You can sit down with your boss or client and walk them through the charts and graphs so they can conclude on their own why you are recommending a certain course Shadow Making of action. But you already knew that, right? Because you are a data scientist. Summary There are different definitions of data scientists. Some are very strict and require a working knowledge of various types of coding and database management. However, if you look at most definitions, they all converge on Shadow Making the three points we've discussed here today: An understanding of data, what it is, how it is collected and what it means. The ability to manipulate it to derive information from it. Connect data insights to real value and communicate it clearly to non-data people.
My final proof is that you already realized the title promised 10 reasons, and I've only covered nine of them. 10. Recognize the gaps This is a crucial skill for data scientists and search marketers because sometimes the data just isn't right. They were either corrupted by a hiccup in Shadow Making the system or partially deleted accidentally because the spreadsheet changed hands so many times. You need to have a critical eye to notice these things, otherwise you'll spend your whole afternoon spinning your wheels on data that will never reveal proper information because it's incorrect. This is something Shadow Making only a human can do - computers can only work with the data given to them. Unless they have instructions on how to check the validity of the dataset, they will just continue to parse the wrong information. So go get yourself a lab coat. Because you are… well, you know Shadow Making what you are. The opinions expressed in this article are those of the guest author and not necessarily of Search Engine Land. Staff authors are listed here.

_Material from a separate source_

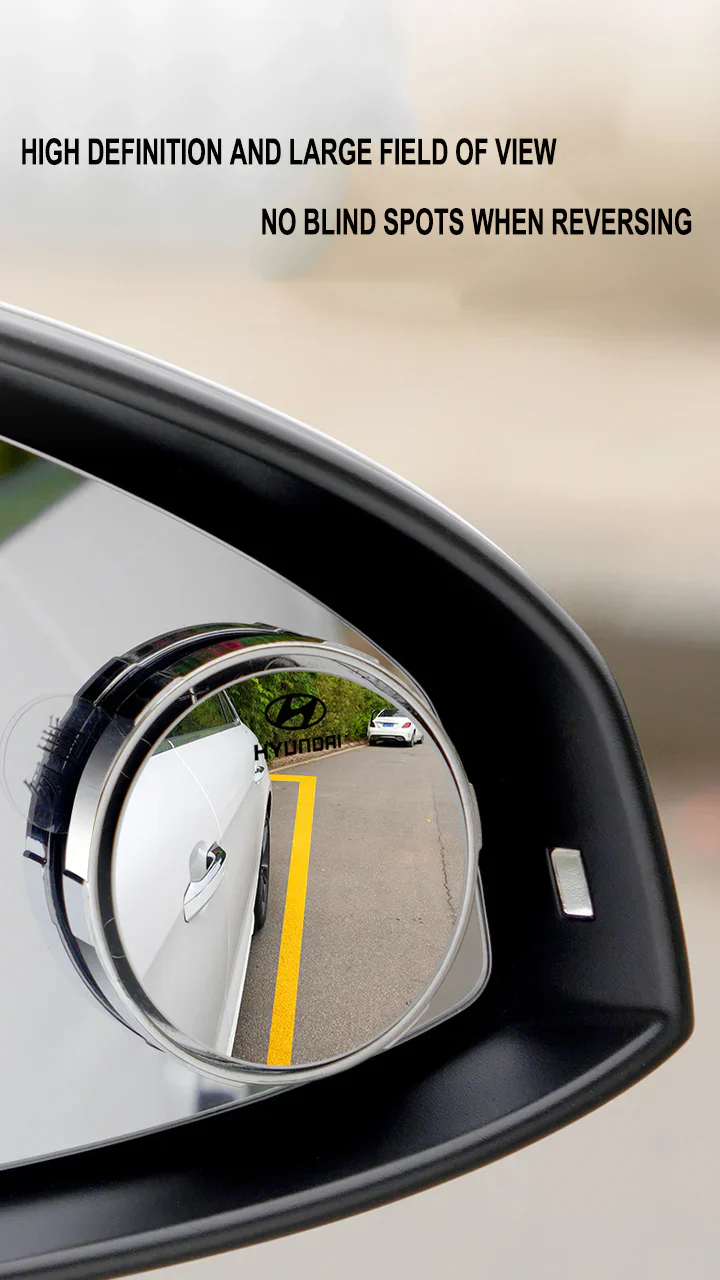 Corner Mirror | Roulez sereinement, vous êtes en sécurité - Image 23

If you can't clearly articulate the rationale for your conclusions, in a sense, your conclusions aren't valid. The main reason data science is the sexiest job of the 21st century is that those who do it aren't like the classic quants of yore who talk like computers and can't communicate Shadow Making with anyone. either in the office. The data scientist is not someone who sits on the other side of the building and is never involved in key decision making. These are the people leaders like to have in the boardroom who can contribute to the conversation and bring data to the table. I learned early in my career that almost Shadow Making anyone can learn to analyze data. But the ability to apply it in real-world situations and explain it to others in a way that will make sense to them is what separates a data scientist from an analyst. But you're good at it, right?